┏━━
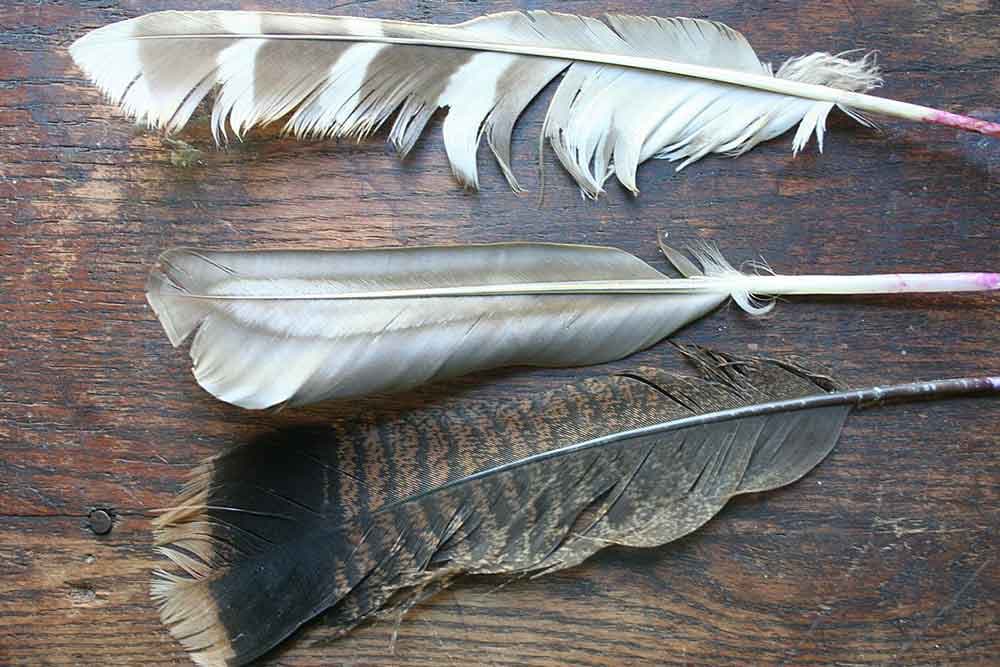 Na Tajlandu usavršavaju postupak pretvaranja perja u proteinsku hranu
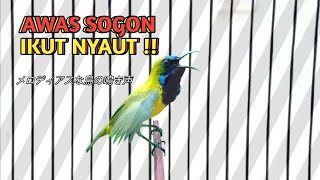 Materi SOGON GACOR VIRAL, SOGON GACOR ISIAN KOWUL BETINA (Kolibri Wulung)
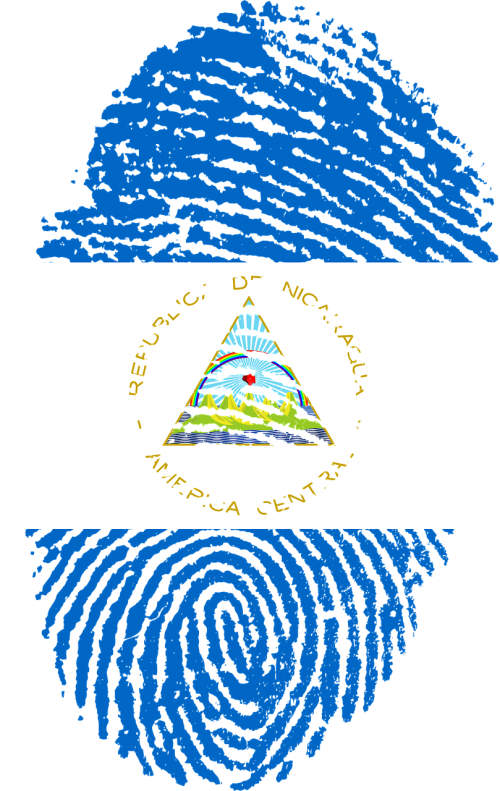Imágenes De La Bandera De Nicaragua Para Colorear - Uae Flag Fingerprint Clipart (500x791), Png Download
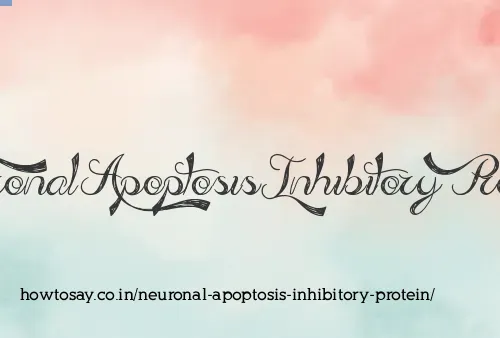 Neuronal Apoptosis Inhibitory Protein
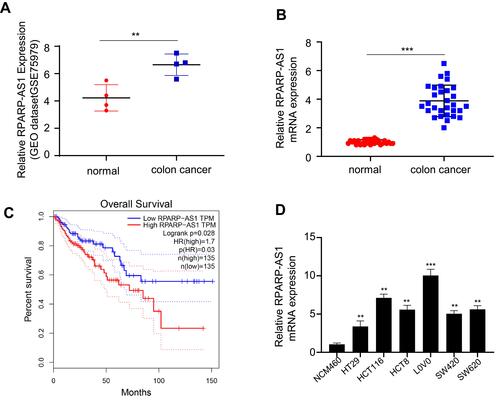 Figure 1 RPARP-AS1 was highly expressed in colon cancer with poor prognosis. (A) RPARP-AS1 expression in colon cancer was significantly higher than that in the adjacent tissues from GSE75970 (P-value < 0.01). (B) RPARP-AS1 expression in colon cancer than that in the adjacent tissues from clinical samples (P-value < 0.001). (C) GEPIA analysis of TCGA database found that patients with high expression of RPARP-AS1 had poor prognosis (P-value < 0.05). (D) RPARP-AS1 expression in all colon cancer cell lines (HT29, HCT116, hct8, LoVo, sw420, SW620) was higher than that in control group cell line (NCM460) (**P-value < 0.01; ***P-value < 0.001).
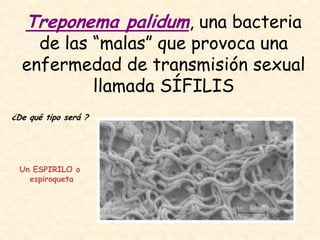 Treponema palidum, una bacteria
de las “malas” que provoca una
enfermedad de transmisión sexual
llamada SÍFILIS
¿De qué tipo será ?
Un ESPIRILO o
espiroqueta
┗━━
• What the task requires
Pictures aside, print exactly the lines above starting with the one containing "Materi SOGON GACOR" and going on through the one containing "Neuronal Apoptosis Inhibitory Protein".

• Written response
 Materi SOGON GACOR VIRAL, SOGON GACOR ISIAN KOWUL BETINA (Kolibri Wulung)
Imágenes De La Bandera De Nicaragua Para Colorear - Uae Flag Fingerprint Clipart (500x791), Png Download
 Neuronal Apoptosis Inhibitory Protein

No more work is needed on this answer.